En las redes sociales mostramos una realidad virtual, nuestra realidad virtual. No es lo que realmente ocurre, es lo que nos gustaría que fuera: dinero, amor y salud. Y queremos que nos vean, nos envidien, nos teman.
Nuestras redes sociales son una fábrica de egos. Nadie se salva, todos buscamos esa aprobación porque necesitamos que nos apapachen. Lo peor es que entre más conectada la gente está en internet más solitaria se siente. Y eso es lo que han provocado las redes sociales, una maldita soledad que nos hunde hasta un grado de depresión inmenso si no están de acuerdo con nosotros o en el peor de los casos ni nos fuman.

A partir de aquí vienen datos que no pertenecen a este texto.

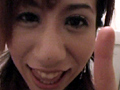 素人娘の超エッチな自画撮りオナニー8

Nuestra felicidad vale un like. Y un like no vale absolutamente de nada. En los conciertos, si no sacas el celular para grabar al cantante o grupo no estuviste ahí. Si no le tomas foto a la comida no te lo comiste. Es más importante tomarle una foto a un platillo que degustarlo. Si no te toma tu pareja de la mano y se toman la foto de ella delante de ti, te juro que no te ama. Si no les toman fotos a sus pies, ya valiste, mano, te mandaron a la friendzone.
Si tenías apendicitis y no lo subiste al Instagram, tu operación no existió. Nada existe si no queda registrado en las redes sociales. Esta, y no otra, es la realidad.
La pregunta es: si así estamos ahorita ¿qué pasará en diez años cuando la tecnología avance y existan nuevas aplicaciones? Quizá aún no lo sepamos, pero esa historia será nuestro verdadero mundo apocalíptico.